PROBLEM TO WORK ON - Could you give back exactly the lines below from the one with "Gucci Brown Monogram" through the one with "Ulster's Rob Herring", without a single picture?

DATASET CONTENT -
----
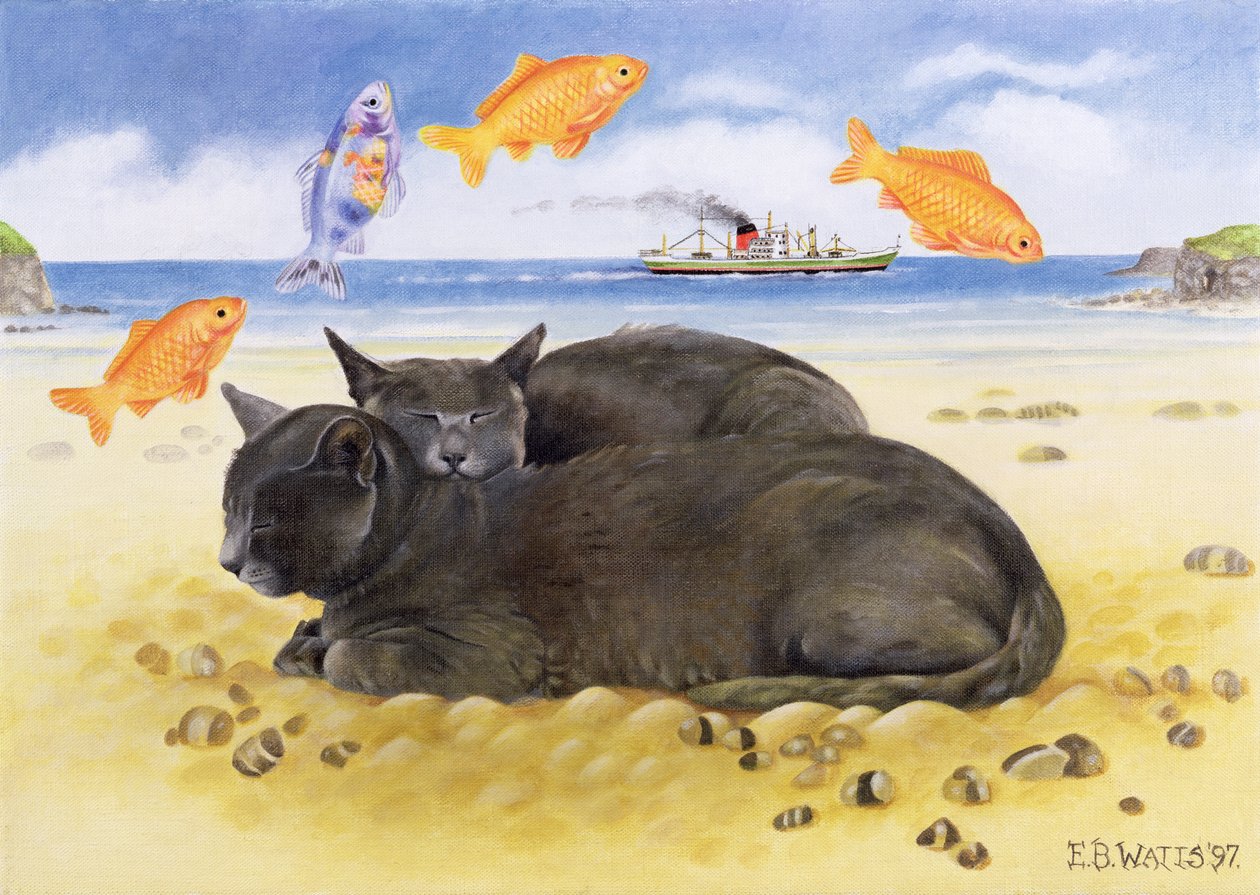 Fish Dreams, 1997 (acrílico sobre tela) de E.B. Watts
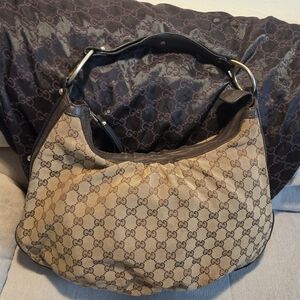 Gucci Brown Monogram Shoulder Bag with Dark Trim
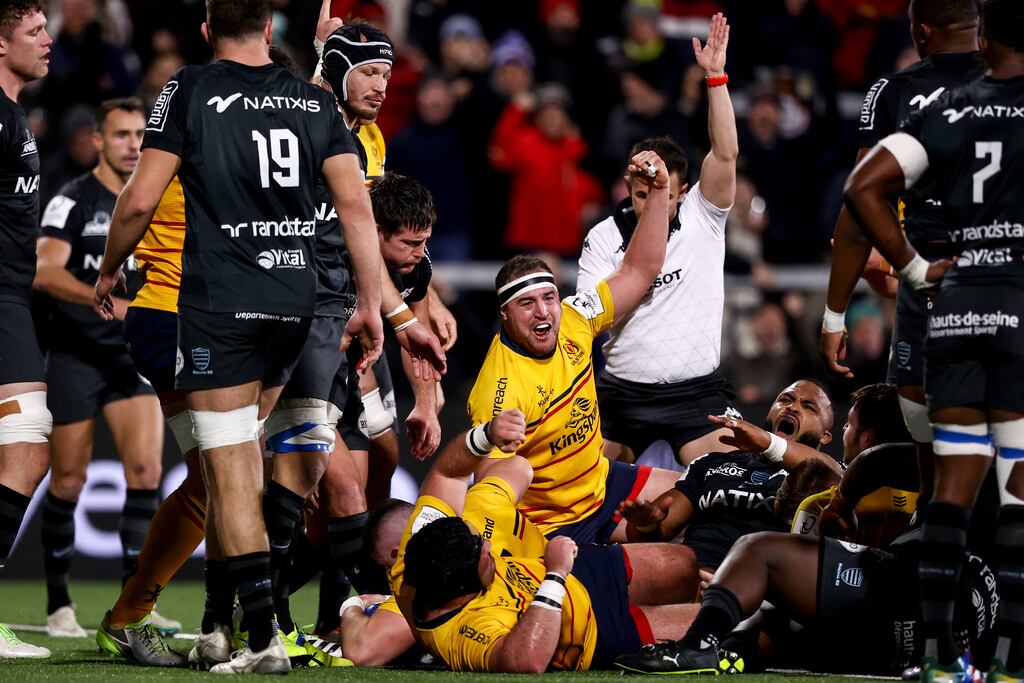Ulster's Rob Herring celebrates after Nick Timoney scores their teams fourth try. Photograph: Ben Brady/Inpho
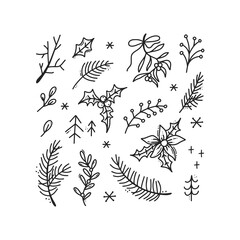Naklejka premium Christmas black outline doodle set. Hand drawn new year collection, tree branches, snowflakes, holly. Winter decorative elements in line art style. Vector illustration isolated on white background.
----
EXERCISE ANSWER -
 Gucci Brown Monogram Shoulder Bag with Dark Trim
Ulster's Rob Herring celebrates after Nick Timoney scores their teams fourth try. Photograph: Ben Brady/Inpho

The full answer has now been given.